Before we can take up consideration of this bill again, more than five years will have passed since the House first voted to explicitly guarantee transgender and gender-variant Canadians the same rights and protections the rest of us already enjoy. Meanwhile, transgender people continue to suffer from high levels of discrimination and all too often, violence.

I was pleased to hear that the new government was prepared to act quickly on this fundamental rights question. I look forward to working with the Minister of Justice and members from all parties to ensure that either the government's bill or my bill is adopted as soon as possible.

Since I introduced Bill C-279 in 2001, seven provinces have added these same provisions to their human rights codes.

Let us start down the road toward full equality for transgender Canadians by acting quickly to fill this significant gap in our human rights legislation.

(Motions deemed adopted, bill read the first time and printed)

Royal Canadian Mounted Police Labour Relations December 7th, 2015

Mr. Speaker, I will start my response by thanking the Minister of Public Safety for the advance notice that I received of his statement, a practice which bodes well for future co-operation in this Parliament. I also want to congratulate the minister on his re-election, which I believe is the eighth time he has been re-elected to this House, and also on his appointment as the public safety minister.

As this is the first time I have risen in the House in the 42nd Parliament, I would also like to take the opportunity to express my gratitude to the voters of Esquimalt—Saanich—Sooke for returning me for a second term in the House.

New Democrats look forward to this promised legislation, which will be implementing the Supreme Court decision from January 2015 in the case of the Mounted Police Association of Ontario v. Canada. This is the decision which recognized that the members of the RCMP have the same rights to collective bargaining as all other Canadians, and indeed as all other police services already enjoy in this country.

Of course, introducing this legislation in the new year will miss the January 16 deadline from the Supreme Court of Canada. However, given the attitudes of the previous government on public sector labour relations, I guess we should all be grateful that it failed to act in a timely manner. It is a bit rich for Conservative members to stand and say that the government is going to miss the deadline when they spent nearly a year trying to reinvent the wheel in collective bargaining.

However, despite the welcome notice of this legislation, there are two concerns that remain.

The first concern is that we hope this new government will take the time to fully consult with the Mounted Police Association on its very specific proposals. No matter what has happened under the previous government, I think there is a need for new and fresh consultations on whatever the government will be putting forward.

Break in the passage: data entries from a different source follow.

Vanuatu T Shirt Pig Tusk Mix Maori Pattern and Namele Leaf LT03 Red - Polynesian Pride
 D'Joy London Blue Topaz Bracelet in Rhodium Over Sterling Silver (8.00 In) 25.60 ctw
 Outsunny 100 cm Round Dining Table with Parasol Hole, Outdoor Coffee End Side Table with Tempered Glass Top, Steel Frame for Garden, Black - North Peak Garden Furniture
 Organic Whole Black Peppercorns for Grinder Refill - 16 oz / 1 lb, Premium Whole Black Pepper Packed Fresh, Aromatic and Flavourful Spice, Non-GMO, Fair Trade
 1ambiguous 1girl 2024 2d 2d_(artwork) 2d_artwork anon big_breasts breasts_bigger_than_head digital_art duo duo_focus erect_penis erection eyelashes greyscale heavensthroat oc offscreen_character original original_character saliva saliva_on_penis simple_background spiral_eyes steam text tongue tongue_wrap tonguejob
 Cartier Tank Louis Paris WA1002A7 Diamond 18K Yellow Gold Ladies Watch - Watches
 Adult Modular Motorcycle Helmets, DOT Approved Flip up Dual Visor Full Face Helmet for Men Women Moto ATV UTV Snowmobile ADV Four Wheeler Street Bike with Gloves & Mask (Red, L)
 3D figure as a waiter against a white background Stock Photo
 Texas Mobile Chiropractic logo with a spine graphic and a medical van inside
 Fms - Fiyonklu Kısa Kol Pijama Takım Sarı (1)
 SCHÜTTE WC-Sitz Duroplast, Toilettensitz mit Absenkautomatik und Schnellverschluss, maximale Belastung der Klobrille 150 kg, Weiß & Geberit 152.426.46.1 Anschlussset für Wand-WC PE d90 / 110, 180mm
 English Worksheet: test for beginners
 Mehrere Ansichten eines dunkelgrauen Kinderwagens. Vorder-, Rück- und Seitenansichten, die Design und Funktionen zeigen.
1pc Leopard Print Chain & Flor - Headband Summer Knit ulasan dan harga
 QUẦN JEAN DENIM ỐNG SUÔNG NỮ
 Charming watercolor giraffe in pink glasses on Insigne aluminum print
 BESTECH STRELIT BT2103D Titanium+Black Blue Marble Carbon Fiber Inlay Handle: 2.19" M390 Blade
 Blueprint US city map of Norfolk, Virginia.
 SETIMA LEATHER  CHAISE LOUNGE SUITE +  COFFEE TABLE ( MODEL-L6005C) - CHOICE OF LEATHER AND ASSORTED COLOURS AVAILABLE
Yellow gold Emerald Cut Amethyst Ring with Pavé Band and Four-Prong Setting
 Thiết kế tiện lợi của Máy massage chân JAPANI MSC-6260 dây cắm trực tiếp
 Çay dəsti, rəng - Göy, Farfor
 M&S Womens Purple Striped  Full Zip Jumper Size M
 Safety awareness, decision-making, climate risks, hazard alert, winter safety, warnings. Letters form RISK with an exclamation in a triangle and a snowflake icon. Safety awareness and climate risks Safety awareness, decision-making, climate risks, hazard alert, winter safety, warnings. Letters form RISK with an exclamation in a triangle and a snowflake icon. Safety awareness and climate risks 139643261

Second, as with all legislation, the devil is in the details. We will be watching closely to make sure that this new government does not try to impose undue restrictions on the collective bargaining rights of members of the RCMP. As I said earlier, all other police forces at the provincial level already have collective bargaining in place. I would hate to see a regime that gives fewer rights to RCMP members that are already enjoyed quite successfully by other police forces.

The strong and effective representation of workers that is created in a unionized workplace should help the RCMP address critical workplace challenges, like harassment in the workplace and the critical ravages of PTSD on our first responders. When we have independent representatives of the RCMP, they will be able to speak up on both the problems that exist and the solutions we need to address those two urgent issues.

We look forward to this legislation, which can only help make the RCMP more effective in keeping all of us safe.

I will conclude by wishing good luck to the new recruits who have begun their training this fall at Depot, in Regina, while we were all otherwise occupied. That includes one of our family friends, Nick Brame. I will give a shout-out to our former dog sitter who has given us up to join the RCMP.

As I said, New Democrats look forward to this new legislation, as a contribution to the long and successful careers of the public service and for these new recruits to the RCMP.